WHAT TO DO – Your copy begins at the line with "Puffins: ATLANTIC PUFFIN - wings spead" and runs through the end of the data below. Set down only those lines exactly, without pictures.

** EXCERPTED DATA follows **

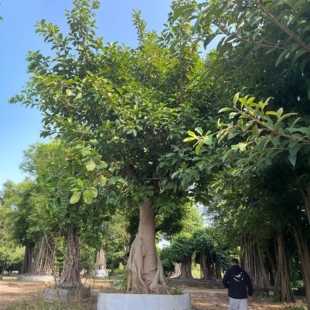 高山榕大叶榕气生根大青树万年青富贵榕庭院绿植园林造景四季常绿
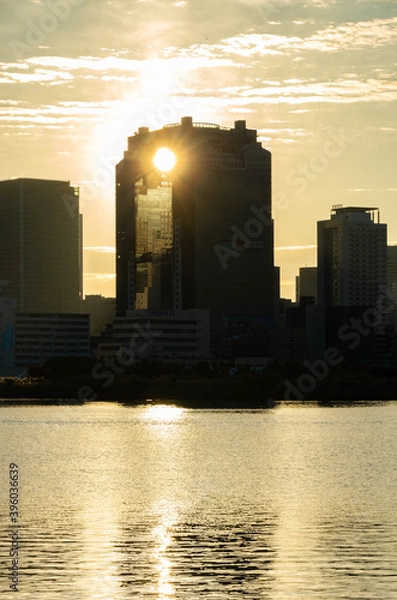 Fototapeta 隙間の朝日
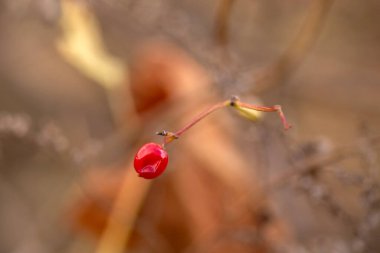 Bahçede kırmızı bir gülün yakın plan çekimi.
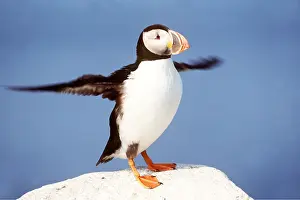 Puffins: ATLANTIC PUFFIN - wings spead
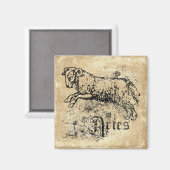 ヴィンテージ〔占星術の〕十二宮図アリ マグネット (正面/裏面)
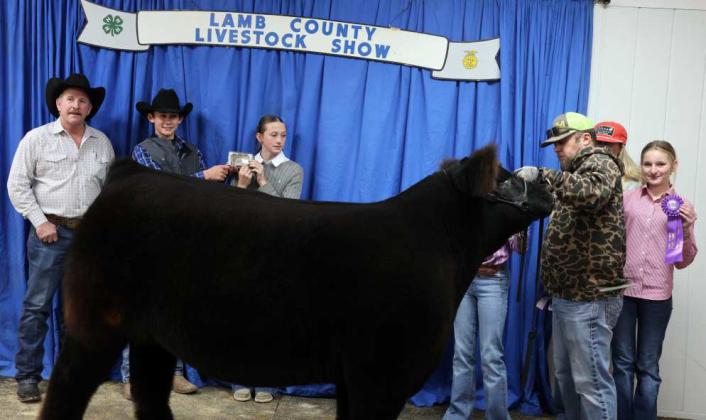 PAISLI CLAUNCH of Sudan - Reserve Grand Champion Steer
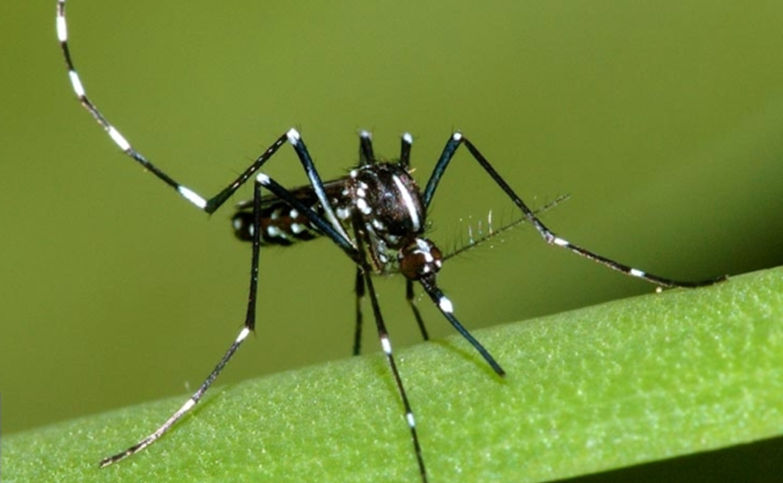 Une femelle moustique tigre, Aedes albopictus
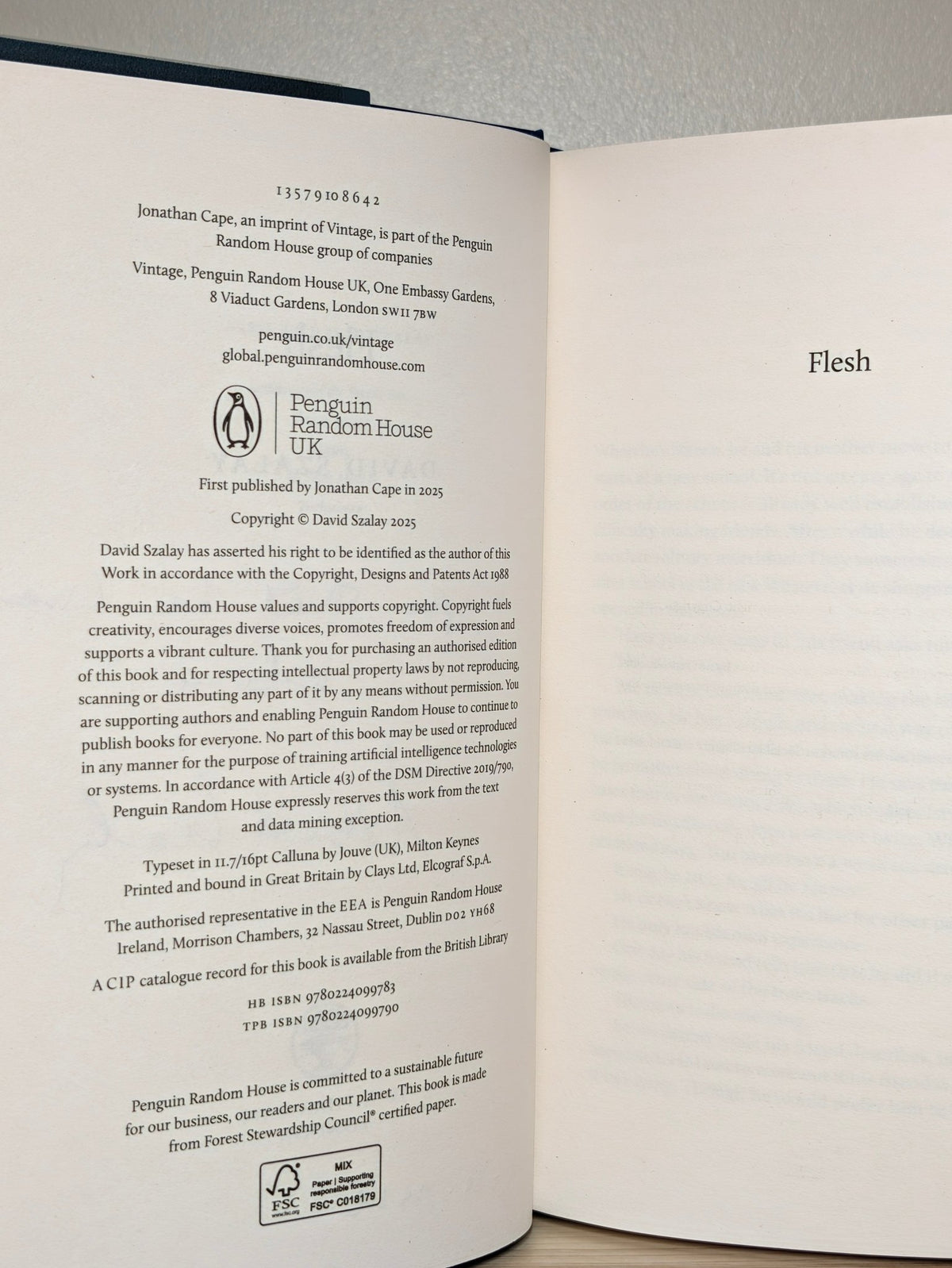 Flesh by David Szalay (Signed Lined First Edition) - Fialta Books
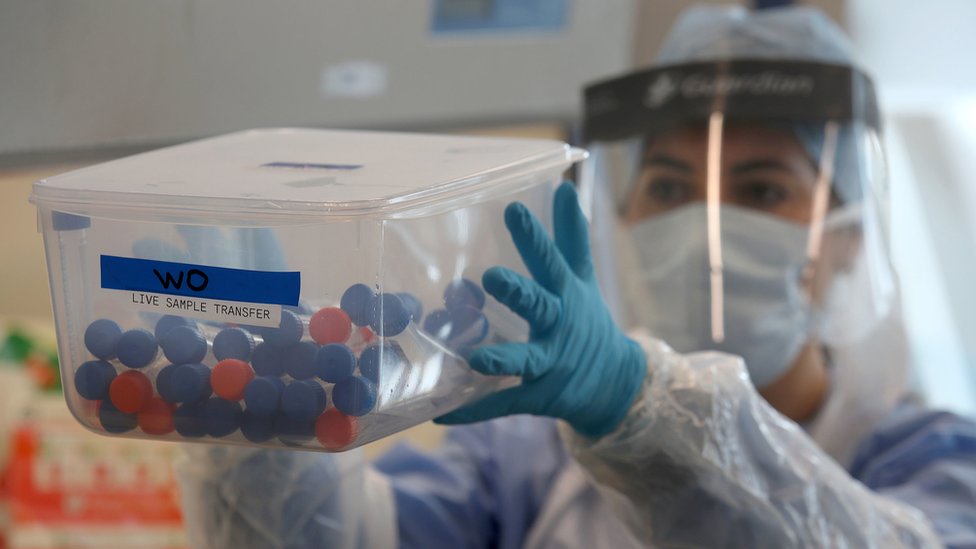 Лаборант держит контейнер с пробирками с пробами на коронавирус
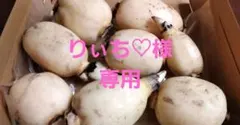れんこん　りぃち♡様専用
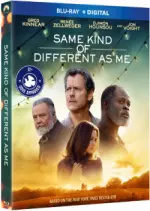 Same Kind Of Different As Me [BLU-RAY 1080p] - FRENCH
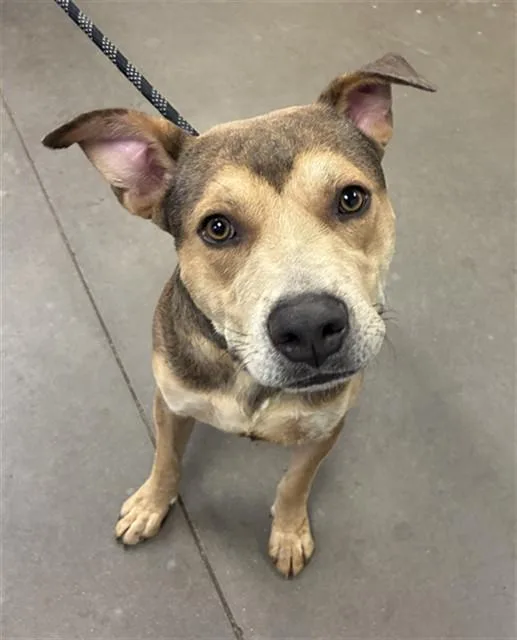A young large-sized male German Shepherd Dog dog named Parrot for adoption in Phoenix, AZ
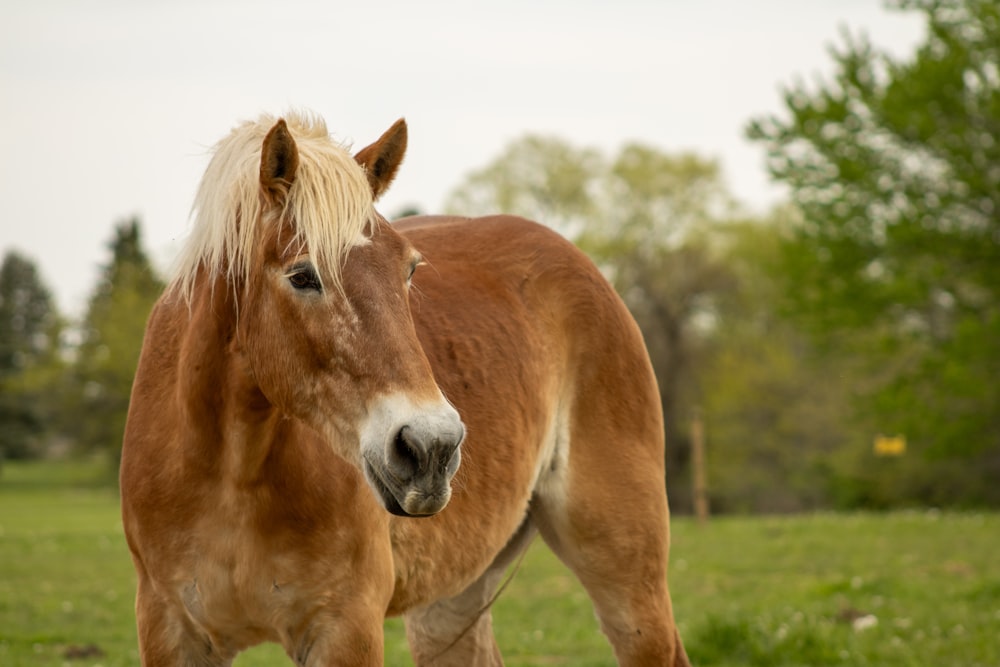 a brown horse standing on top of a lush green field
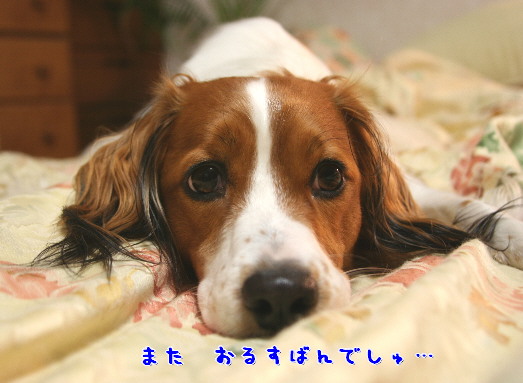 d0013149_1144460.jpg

** End of EXCERPTED DATA **

EXPECTED OUTPUT –
 Puffins: ATLANTIC PUFFIN - wings spead
 ヴィンテージ〔占星術の〕十二宮図アリ マグネット (正面/裏面)
 PAISLI CLAUNCH of Sudan - Reserve Grand Champion Steer
 Une femelle moustique tigre, Aedes albopictus
 Flesh by David Szalay (Signed Lined First Edition) - Fialta Books
 Лаборант держит контейнер с пробирками с пробами на коронавирус
れんこん　りぃち♡様専用
 Same Kind Of Different As Me [BLU-RAY 1080p] - FRENCH
A young large-sized male German Shepherd Dog dog named Parrot for adoption in Phoenix, AZ
 a brown horse standing on top of a lush green field
 d0013149_1144460.jpg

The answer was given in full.